- **Aim of the exercise**: Copy word for word the lines of the records below, beginning at the one with "Limehome Palacio De" and finishing at the one with "Приморский край, №", ends included, but none of the pictures.

- **Supplied entries**:

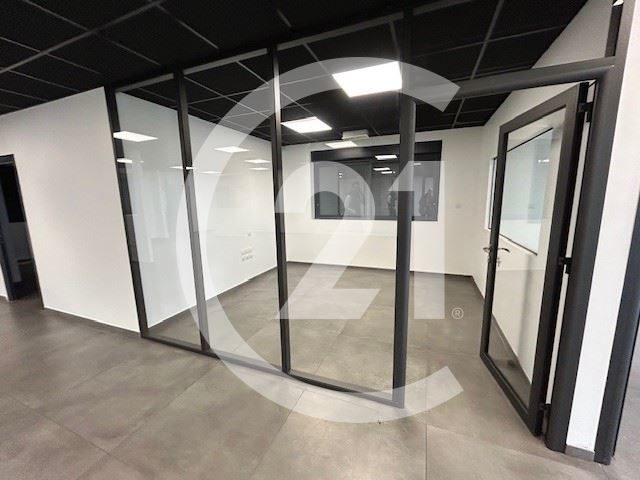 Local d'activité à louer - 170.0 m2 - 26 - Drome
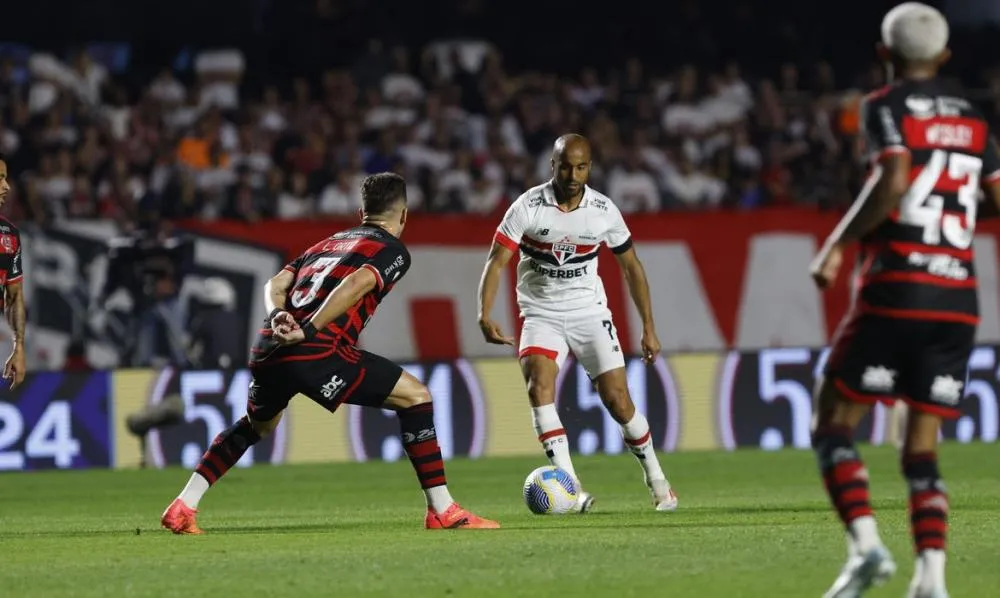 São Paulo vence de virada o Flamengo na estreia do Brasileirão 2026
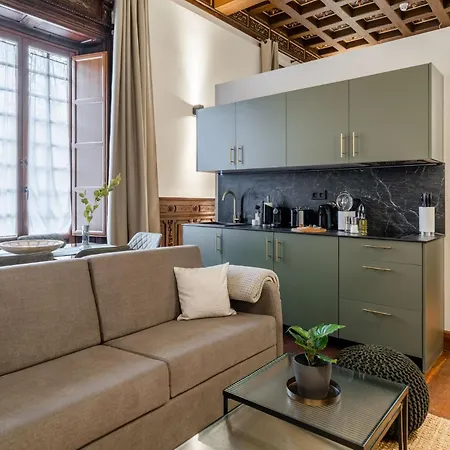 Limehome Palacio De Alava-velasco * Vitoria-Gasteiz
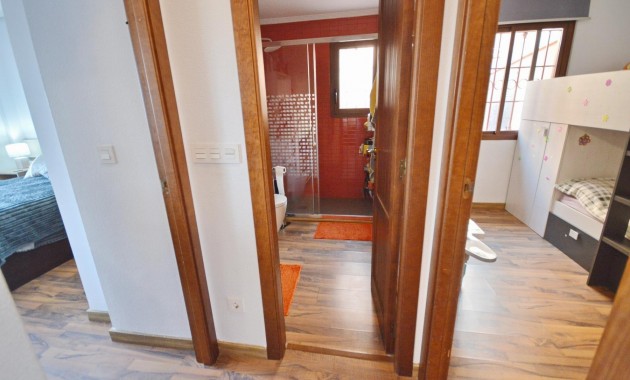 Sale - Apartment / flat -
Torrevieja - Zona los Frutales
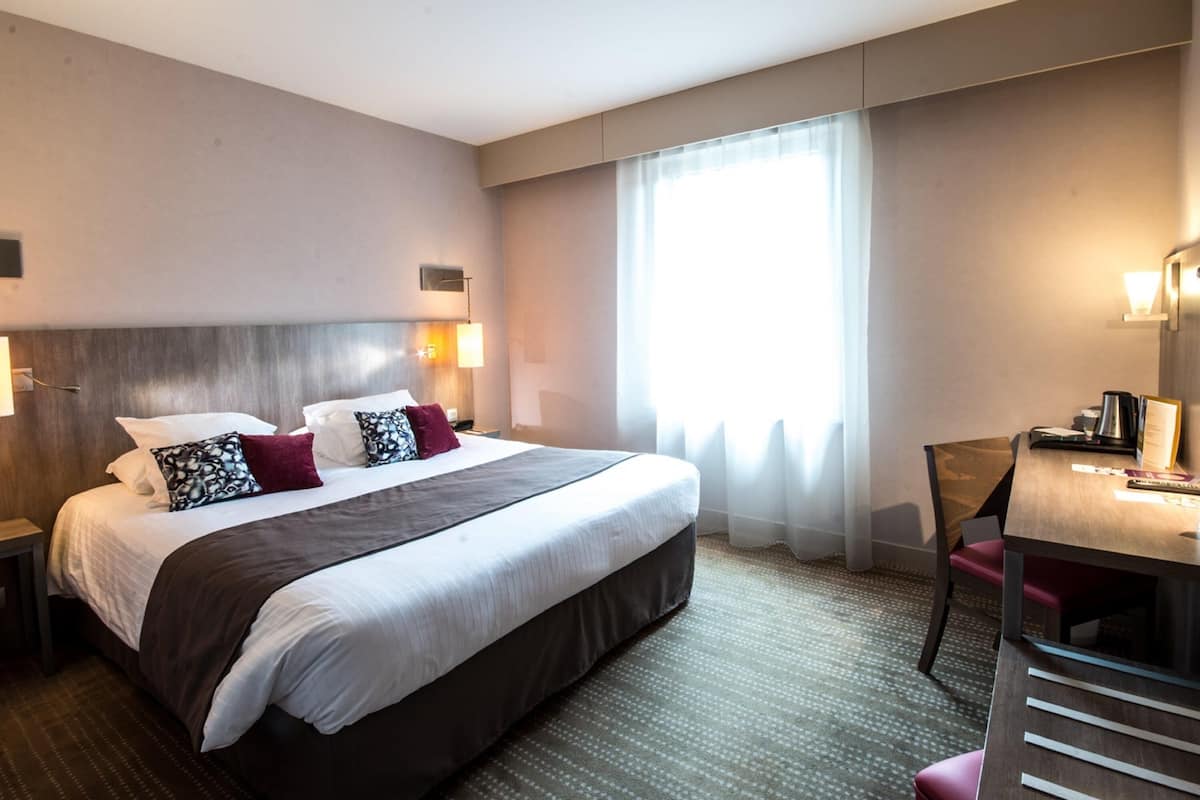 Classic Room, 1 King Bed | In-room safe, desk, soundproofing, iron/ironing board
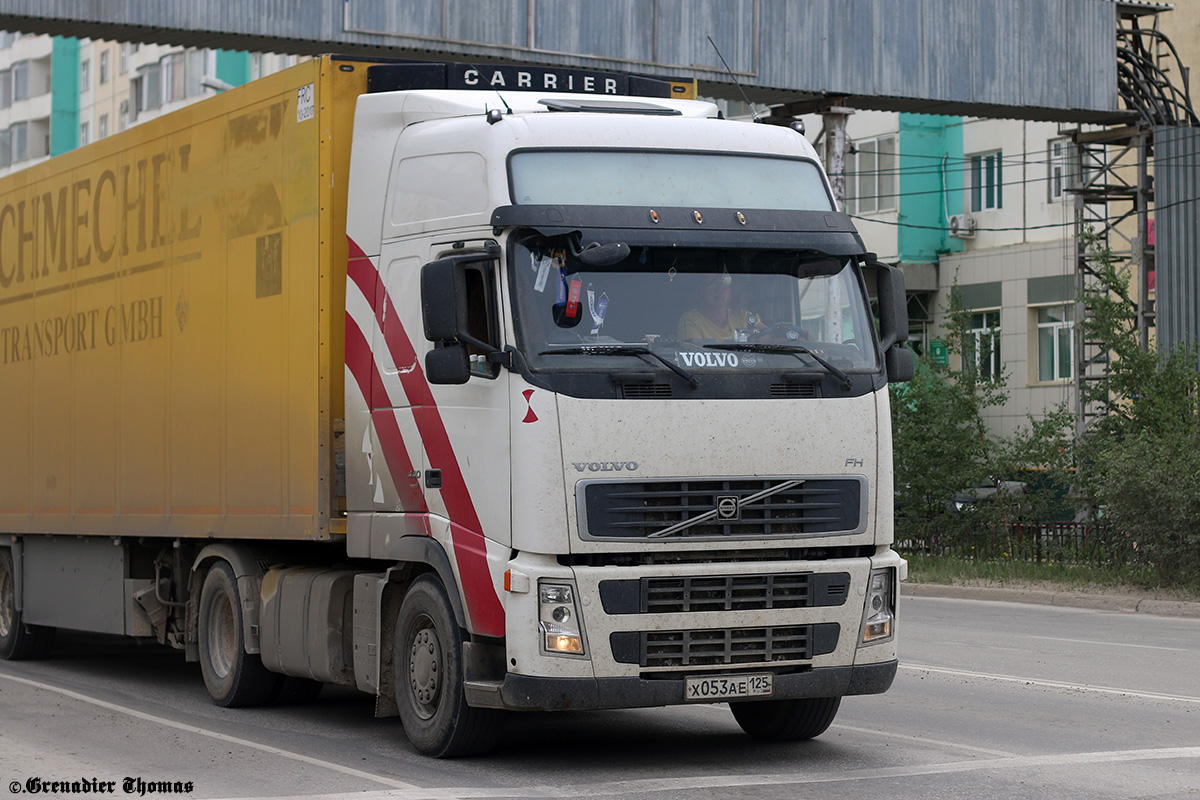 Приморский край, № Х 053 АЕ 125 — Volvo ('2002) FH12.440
* * *
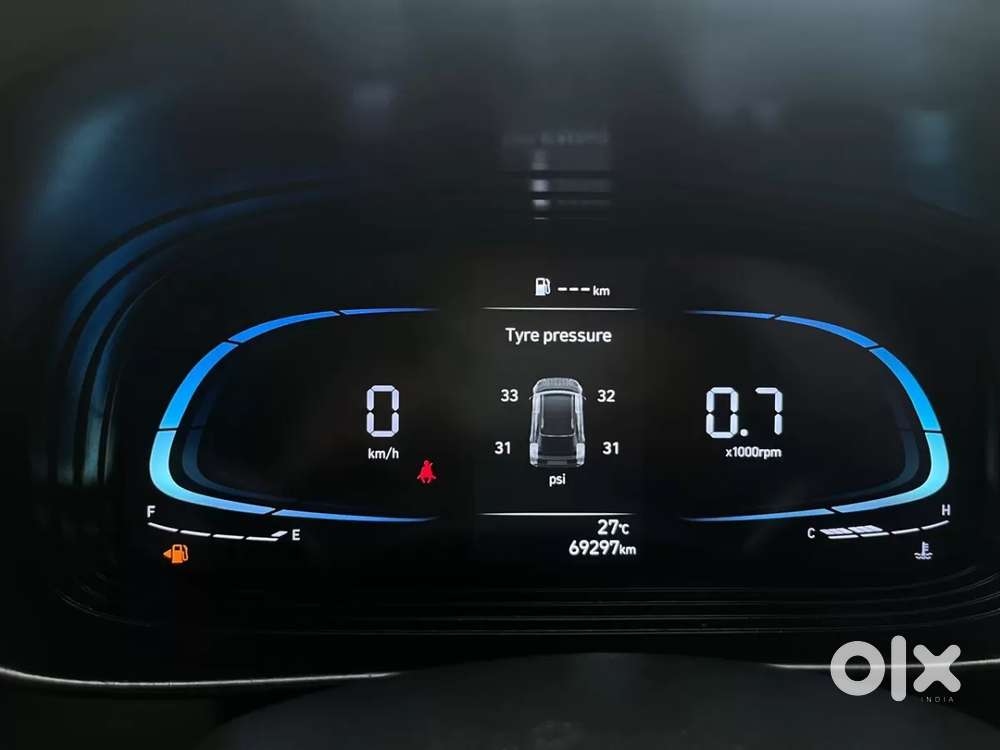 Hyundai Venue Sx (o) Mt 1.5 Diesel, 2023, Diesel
==
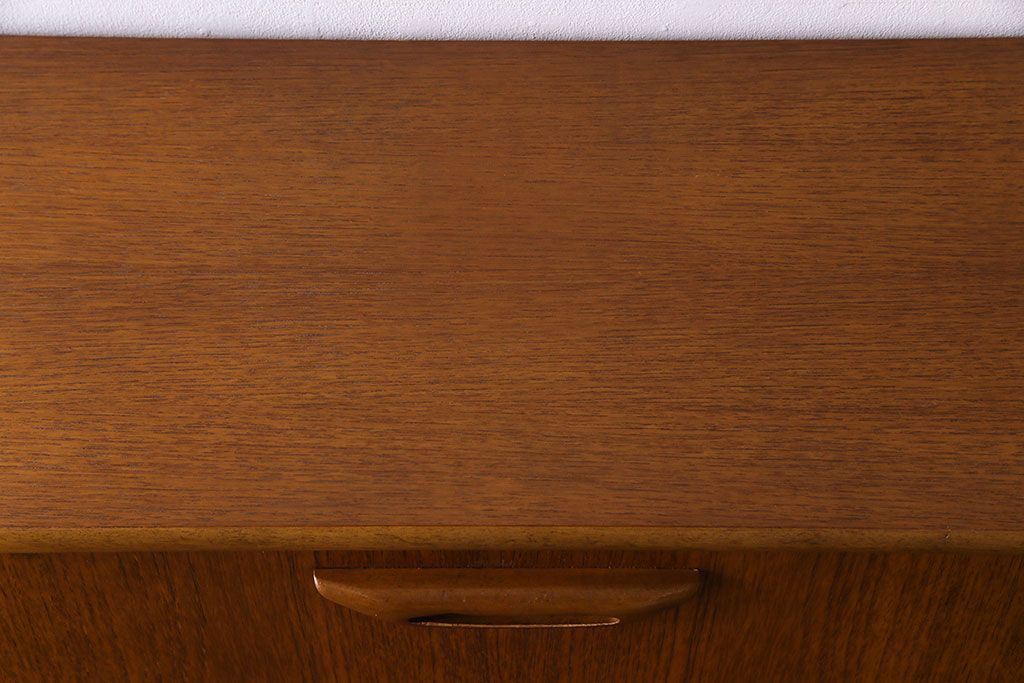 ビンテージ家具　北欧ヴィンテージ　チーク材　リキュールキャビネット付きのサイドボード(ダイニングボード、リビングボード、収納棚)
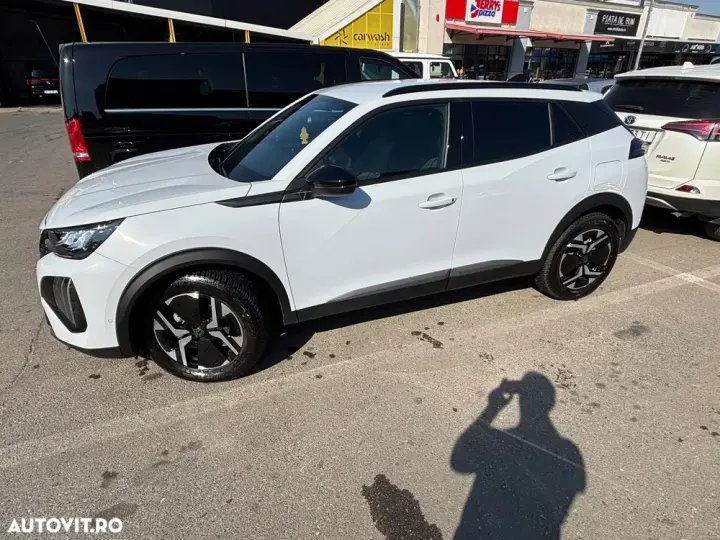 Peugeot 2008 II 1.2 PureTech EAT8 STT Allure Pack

- **Solved problem**:
 Limehome Palacio De Alava-velasco * Vitoria-Gasteiz
 Sale - Apartment / flat -
Torrevieja - Zona los Frutales
 Classic Room, 1 King Bed | In-room safe, desk, soundproofing, iron/ironing board
 Приморский край, № Х 053 АЕ 125 — Volvo ('2002) FH12.440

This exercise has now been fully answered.